Body size measurement of Corythucha marmorata adults: a body length, b wing length, c head width
Oviposition preference
To investigate oviposition preference on the four sweet potato cultivars, we carried out a no-choice preference test at 25 °C; 16L:8D of laboratory condition. After eclosion, the 0th generation individuals were separated into male and female groups and reared for a week on goldenrod leaves. A 1-week-old female and two males were then randomly chosen and put in a plastic container (A-PET material, 430 mL, ø 129 mm × 60 mm) with a leaf of one of the test plants. Sample sizes for each treatment were as follows: 31 groups on goldenrod, 31 groups on Caroline Lea, 30 groups on Benisengan, 32 groups on Narutokintoki, and 30 groups on Beniazuma. All containers were checked every day, and the number of eggs laid was recorded from day 1 until the last day of oviposition. Leaves were replaced once a week to prevent deterioration of the leaf from affecting results.
Statistical analysis
All statistical analyses were performed in R Statistical Computing environment v. 3.4.3 (R Core Team 2018). Nymphal survival rate was expressed as Kaplan–Meier survival curves which were compared by log-rank test with Bonferroni’s correction, as the number of combinations was more than two. Mixed-model ANOVAs for egg development time, nymphal development time, and body size indexes were used. In each ANOVA, test plants, sex, and their interaction were used as explanatory variables. Individuals were assigned as a random factor. Means were compared by Tukey–Kramer multiple comparison test in the ‘multcomp’ package. However, owing to the high mortality and small sample size of individuals reared on Beniazuma, that mean was excluded from the test.
For oviposition preference experiments, preoviposition period (defined as the days from inoculation to the first oviposition) was analyzed using a mixed-model ANOVA, and fecundity was analyzed using a GLMM (‘lme4’ and ‘lmerTest’ package), with test plants as an explanatory variable and the effect of individuals as a random factor. Here, preoviposition period was analyzed for the individuals who laid at least one egg in their life, whereas fecundity was analyzed for all the individuals including those who did not lay eggs. Each combination of test plants was compared by Tukey–Kramer multiple comparison test using ‘multcomp’ package.

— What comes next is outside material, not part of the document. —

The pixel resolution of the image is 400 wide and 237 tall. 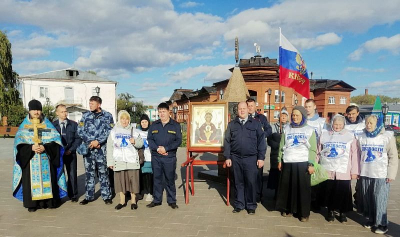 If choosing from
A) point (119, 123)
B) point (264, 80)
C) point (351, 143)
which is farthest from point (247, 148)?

A GLM was used to reveal the relationship between adult preference and nymphal performance. Survival rate and mean of nymphal development time (sex was also incorporated here) were used as response variables, whereas both mean fecundity and mean preoviposition period were used as explanatory variables representing female adult preference.
Results
Nymphal performance
The survival curves of C. marmorata nymphs on test plants differed significantly among each combination of plants (log-rank test with Bonferroni correction, P < 0.01), except for the combination of Caroline Lea and Benisengan. About 90% of nymphs on goldenrod survived from inoculation to emergence (n = 107). Nymphal survival was moderately high on Caroline Lea (73%, n = 102) and Benisengan (59%, n = 108), moderate on Narutokintoki (30%, n = 103), but very low on Beniazuma (2%, n = 103). Survival curves dropped sharply after the first instar on Narutokintoki and Beniazuma (Fig. 2), but stabilized thereafter on all test plants.
Differences among Kaplan–Meier survival curves for nymphal survivorship on different test plants (log–rank test followed by Bonferroni correction, P < 0.01)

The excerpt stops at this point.